Przy okazji wymiany wiadomości i umawiania wywiadu bardzo często schodziliśmy w rozmowie na temat "a mój pies to ostatnio zjadł...". Zresztą obydwaj na pewno nie raz i nie dwa spotkaliśmy jakieś psiaki squatowe. Jak istotne są dla was zwierzęta? Czy tematyka ochrony ich praw ma się waszym zdaniem dobrze w kraju nad Wisła?
Zwierzęta są dla mnie bardzo ważne. Jak wiesz, mam dwa psiaki, które są całym moim światem. Są moimi małymi dzieciakami i oczkami w głowie. Byliśmy nawet przez chwilę domem tymczasowym dla starszych psiaków, ale szybko się to skończyło, bo Kodi, który do nas trafił na jakiś czas, postanowił ostatecznie z nami zostać. Kodi jest z fundacji poMOC, która zajmuje się psiakami i z którą współpracowała moja dziewczyna jako behawiorystka. Wpadł pod samochód i jego poprzedni właściciel się zrzekł, bo koszt operacji był zbyt wysoki. Kodi przyszedł na chwilę i został na stałe. Jestem weganinem od ponad piętnastu lat, więc kwestia praw zwierząt i ich los są dla mnie dość istotne. Muszę jednak przyznać, że nie jestem radykalny.

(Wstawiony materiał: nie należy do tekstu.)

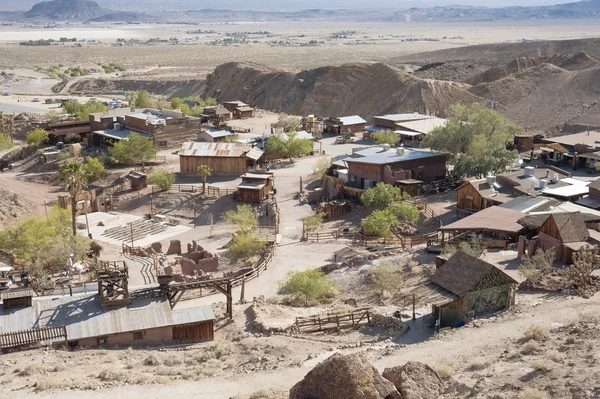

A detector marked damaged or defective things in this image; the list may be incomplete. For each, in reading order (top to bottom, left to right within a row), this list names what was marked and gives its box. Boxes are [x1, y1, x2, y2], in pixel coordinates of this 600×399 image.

rusty metal roof [180, 142, 251, 158]
rusty metal roof [0, 292, 214, 342]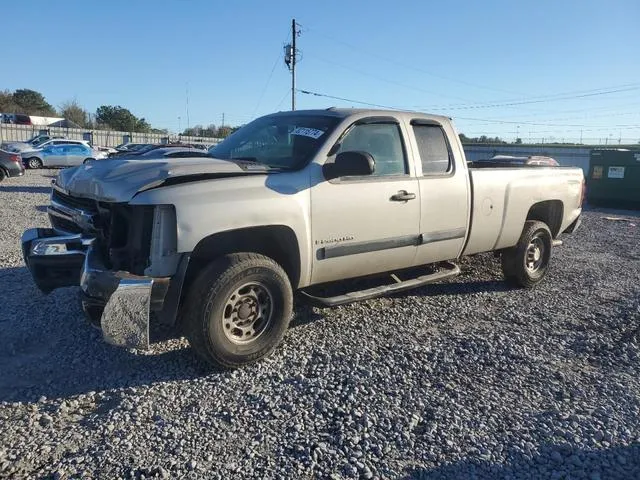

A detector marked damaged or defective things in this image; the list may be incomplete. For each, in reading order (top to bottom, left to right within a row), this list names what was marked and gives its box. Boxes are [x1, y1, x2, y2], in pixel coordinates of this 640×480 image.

Są ludzie, którzy się na tym bardziej znają i mają szersze pole działania niż ja. Wiem, że w moim małym świecie prawa zwierząt mają się dobrze, ale nie mam pojęcia, jak to wygląda na szerszą skalę. Jedyną organizacją, o której wiem, że działa skutecznie są Otwarte Klatki. Ufam im, działa tam część z moich znajomych i bardzo im kibicuję.
Co do świadomości ludzi, zauważam, że jest ona coraz większa. Mamy coraz więcej knajp, więcej produktów wegańskich, nawet na stacji benzynowej można zjeść coś na ciepło, a oficjalna strona Nike'a ma kategorię z ekologicznymi butami i odpowiednie oznaczenia. Pamiętam, jak żółty ser czy majonez, to było coś nieosiągalnego, a teraz nawet w osiedlowym sklepie mogę coś kupić. Więc z mojego punktu widać poprawę, nawet ludzie w pracy przestali mnie traktować jak kosmitę. Każdemu polecam taką zmianę. Zawsze to pierwszy krok do naprawienia tego okrutnego świata.